No hablo, aunque se pueda suponer, de lo que circula sin control alguno por las redes ni, muchas veces de forma buscada, por algunos platós de las televisiones donde hace tiempo fue expulsado el mínimo atisbo de educación. Tampoco de los insultos en un Colegio Mayor, piedra de escándalo hace unas semanas y hoy olvidados.
Me refiero a la ínfima calidad del debate político en el Senado y en el Congreso, los órganos de máxima representación institucional, que evidencia la degradación de la política actual y que provoca el hastío y el desencanto de los ciudadanos, incapaces de comprender qué proponen quienes, al menos teóricamente, nos representan o por qué es imposible llegar a acuerdos de Estado. Mentiras e insultos protagonizan todo debate, sin que nadie en esos foros se alarme ni trate de corregirlo, “¿Qué debemos creer, decía Paul Auster, cuando no se puede estar seguro de si un supuesto hecho es verdad o no?”.

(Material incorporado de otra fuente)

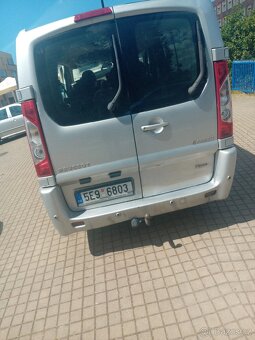 Peugeot Expert 2008 - 4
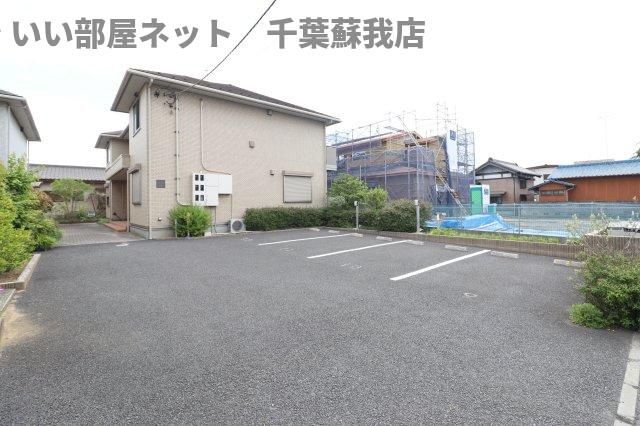 エルメゾン・エイザA棟の駐車場|駐車場に車を止められます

A derecha e izquierda, en el centro y en las periferias de la nación, la mentira campa a sus anchas y el insulto sustituye a los argumentos y a las razones. Hace unos días el diputado Gabriel Rufián salió a defender a la ministra Irene Montero -”lo hago yo porque ustedes callan”, dijo mirando a los diputados socialistas- a la que un diputado popular había llamado “inútil” y pidió, sin éxito, al diputado que retirara esa palabra para que no constara en el Diario de Sesiones.
Se trata de la misma ministra que ha llamado “fachas” y “prevaricadores” a los jueces y del diputado que calificó de “ministro indigno de la democracia” a Borrell, “tarado” a Puigdemont, “gánster” al director de la Oficina antifraude de Cataluña, “traidores” a los diputados socialistas, “fascistas” a los dirigentes de Ciudadanos, “tonto y subnormal” a Antonio Miguel Carmona, “ladrona, corrupta y gentuza a Esperanza Aguirre, y “golfo e inútil a Rajoy”, casi todo ello en sede parlamentaria.
Los insultos no son exclusivos de la izquierda porque Isabel Díaz Ayuso, en el PP, García-Gallardo, en Vox, y otros más los practican con desmesura y sin tino. Pero tampoco el presidente Sánchez y algunos de sus ministros lo hacen menos. Y más a la izquierda, Iglesias, Monedero, Echenique, la propia Montero y la juez Rosell son hermanos mayores de la cofradía del rencor. Si ahora Montero y Rosell insultan y llaman prevaricadores a los jueces, siguen la senda de Pablo Iglesias que llamó “mediocre y prevaricador” al juez García Castellón y que ha insultado a media humanidad.
Lo mismo sucede con las mentiras. Apenas hace dos años, el presidente del Gobierno decía que “tenemos la misma posición de siempre: con Bildu no se acuerda nada”. “Nos separa de Bildu un abismo ético”, decían en esas mismas fechas otros dirigentes socialistas. Bildu es hoy socio preferente e imprescindible del PSOE y una de sus reivindicaciones estará en breve en el BOE: la Guardia Civil de Tráfico es expulsada de Navarra. “No estamos contando votos. No estamos obsesionados como el PP”, decía hace un mes, sin rubor alguno, María José Montero, ministra de Hacienda y responsable de sumar votos a cualquier precio para aprobar los Presupuestos. No hay cosa peor que la mentira, las medias mentiras, que no son nunca una media verdad, y el cinismo. Pero tal vez no sean “culpables. Como decía Dostoievski, “el hombre que se miente a sí mismo llega a un punto en el que no puede distinguir la verdad y por tanto pierde todo respeto por sí mismo y por los demás”.